• DATASET EXCERPT
Content starts
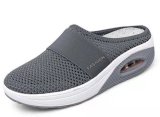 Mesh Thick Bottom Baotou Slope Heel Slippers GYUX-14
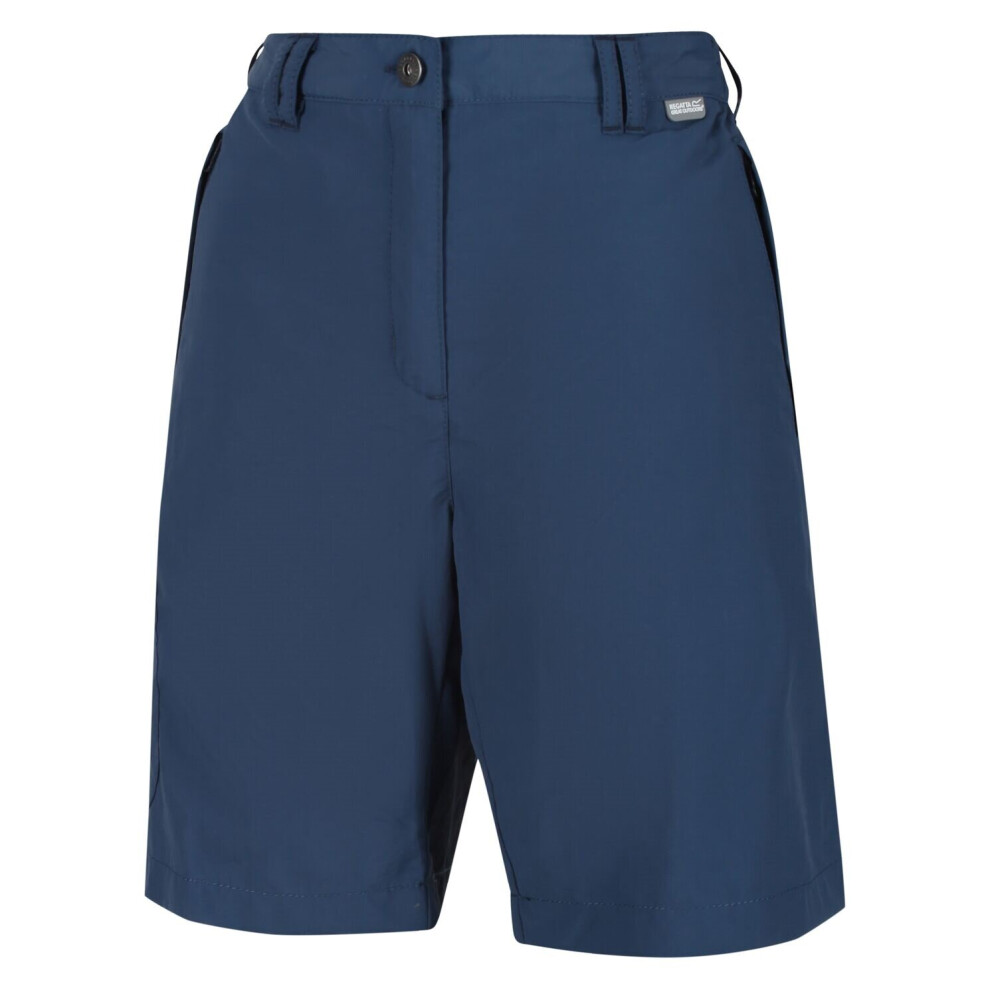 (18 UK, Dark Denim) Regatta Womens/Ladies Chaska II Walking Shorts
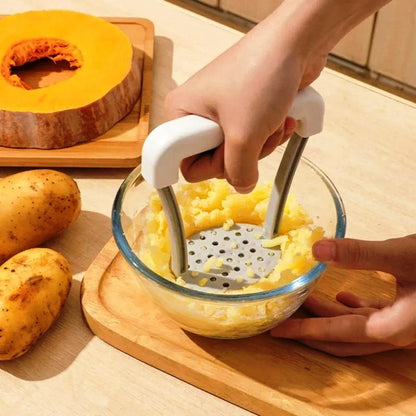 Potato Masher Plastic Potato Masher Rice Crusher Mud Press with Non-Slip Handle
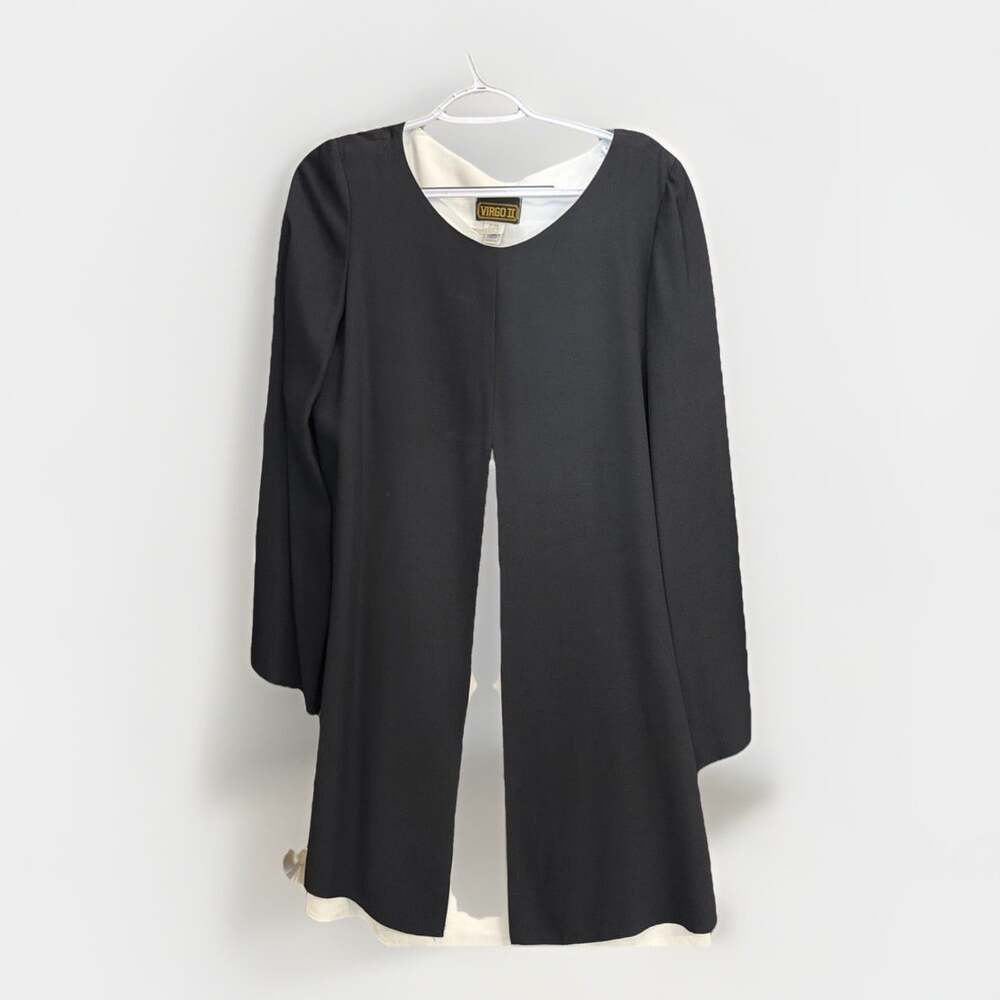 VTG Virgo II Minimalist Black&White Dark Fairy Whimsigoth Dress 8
Content ends
• WHAT IS REQUIRED
Give every line of the data above again as it stands; the pictures stay out.

• RESULT OF THIS EXERCISE
 Mesh Thick Bottom Baotou Slope Heel Slippers GYUX-14
 (18 UK, Dark Denim) Regatta Womens/Ladies Chaska II Walking Shorts
 Potato Masher Plastic Potato Masher Rice Crusher Mud Press with Non-Slip Handle
 VTG Virgo II Minimalist Black&White Dark Fairy Whimsigoth Dress 8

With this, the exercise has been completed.